§ DATASET CONTENT
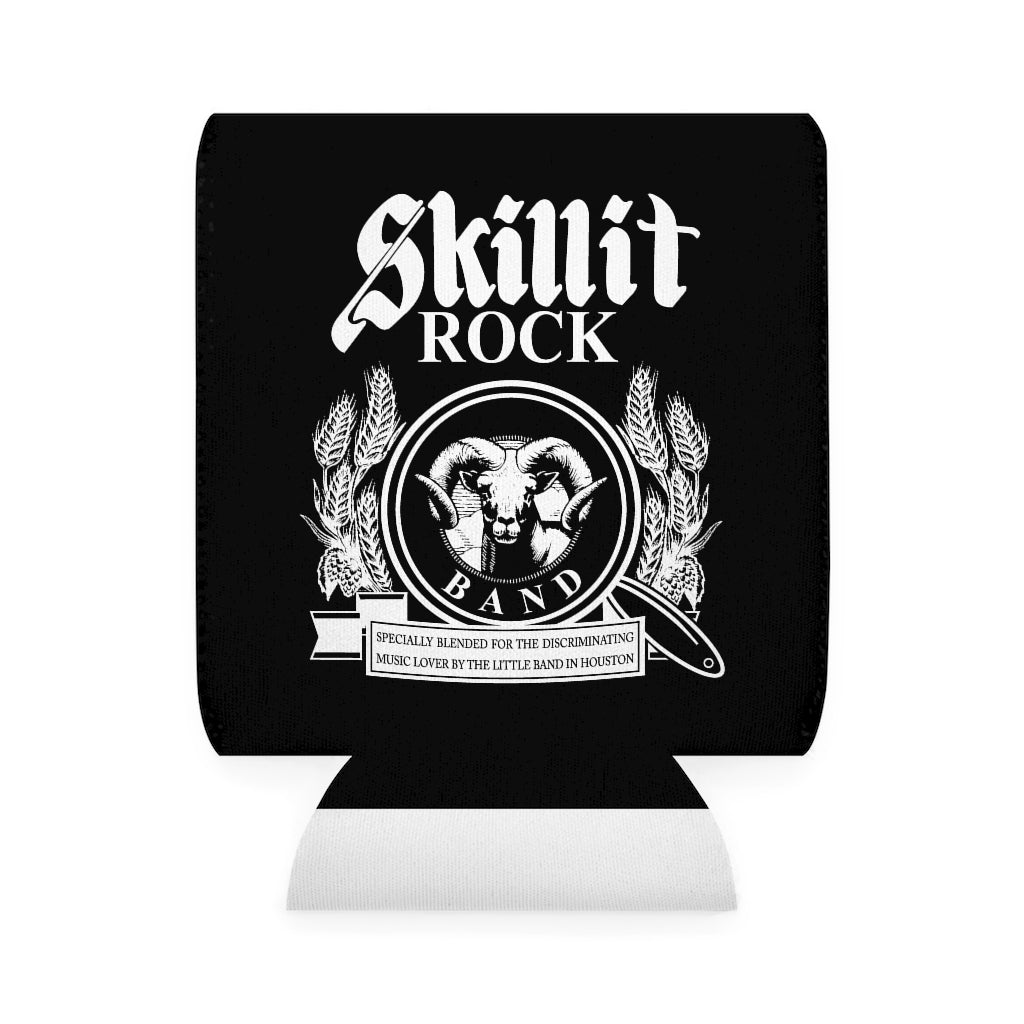Skillit Rock Band - Can Cooler Sleeve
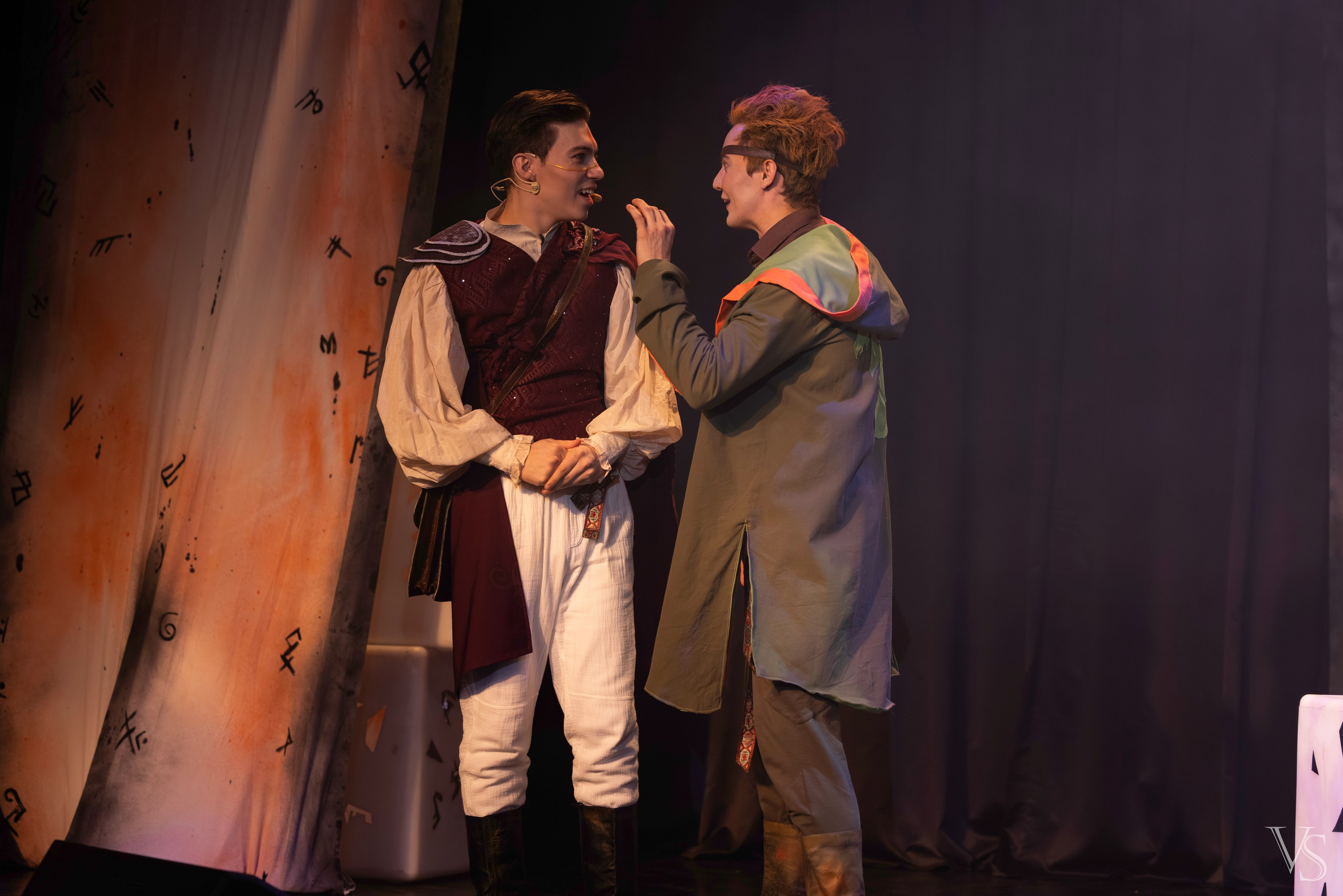 Книга стихий 25.01. Фотограф Виктор Степанов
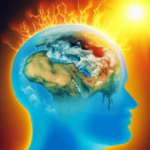 Climate change leads to a decrease in the brain - will people begin to degrade?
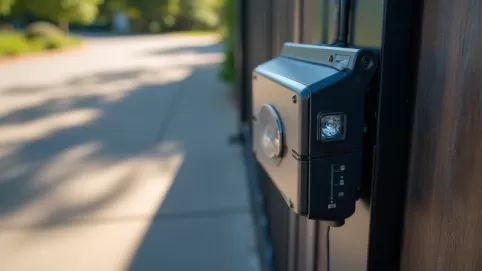 Jak dorobić pilot do bramy wjazdowej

§ EXERCISE DIRECTIONS
Return exactly the lines starting at the line with "Climate change leads" and ending at the last line of the listing, both ends included; pictures are to be left out.

§ EXERCISE RESPONSE
 Climate change leads to a decrease in the brain - will people begin to degrade?
 Jak dorobić pilot do bramy wjazdowej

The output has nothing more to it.